Task instructions >> Go to the line in the entries below that holds "This three-bedroom, one-bath" and repeat exactly from there through the line that holds "At Inland Kenworth, you'll", inclusive.

Raw data >>
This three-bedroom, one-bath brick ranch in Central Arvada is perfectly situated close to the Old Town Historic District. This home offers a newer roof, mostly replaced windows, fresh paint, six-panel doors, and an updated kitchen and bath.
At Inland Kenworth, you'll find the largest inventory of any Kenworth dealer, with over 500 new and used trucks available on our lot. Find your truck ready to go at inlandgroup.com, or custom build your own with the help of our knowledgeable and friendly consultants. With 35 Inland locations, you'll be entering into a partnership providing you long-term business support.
* * *
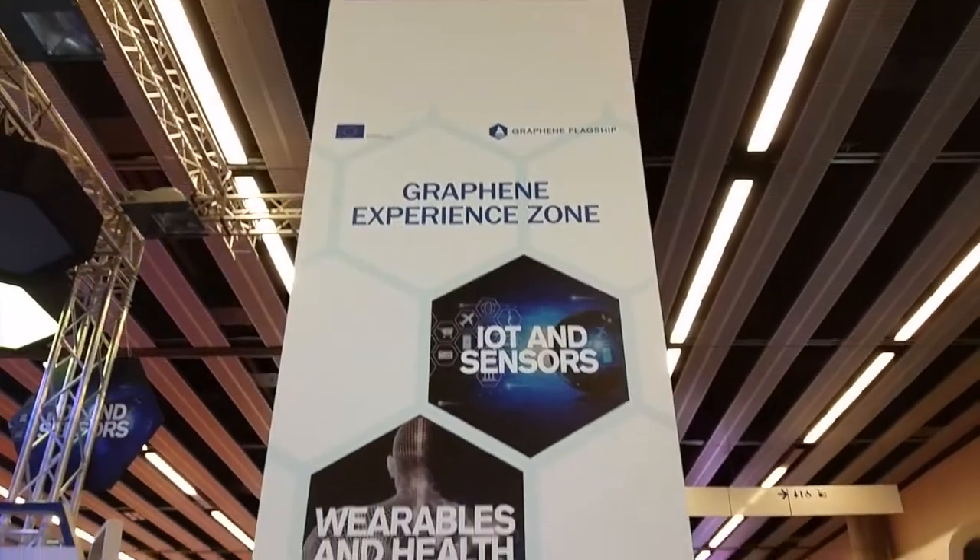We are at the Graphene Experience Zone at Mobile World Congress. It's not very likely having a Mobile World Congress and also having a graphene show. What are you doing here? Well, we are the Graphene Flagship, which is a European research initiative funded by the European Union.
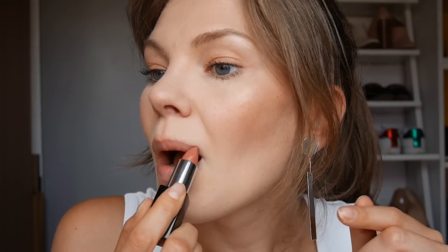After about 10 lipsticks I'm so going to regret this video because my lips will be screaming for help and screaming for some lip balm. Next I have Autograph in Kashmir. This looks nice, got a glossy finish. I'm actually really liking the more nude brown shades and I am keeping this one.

Reply >>
This three-bedroom, one-bath brick ranch in Central Arvada is perfectly situated close to the Old Town Historic District. This home offers a newer roof, mostly replaced windows, fresh paint, six-panel doors, and an updated kitchen and bath.
At Inland Kenworth, you'll find the largest inventory of any Kenworth dealer, with over 500 new and used trucks available on our lot. Find your truck ready to go at inlandgroup.com, or custom build your own with the help of our knowledgeable and friendly consultants. With 35 Inland locations, you'll be entering into a partnership providing you long-term business support.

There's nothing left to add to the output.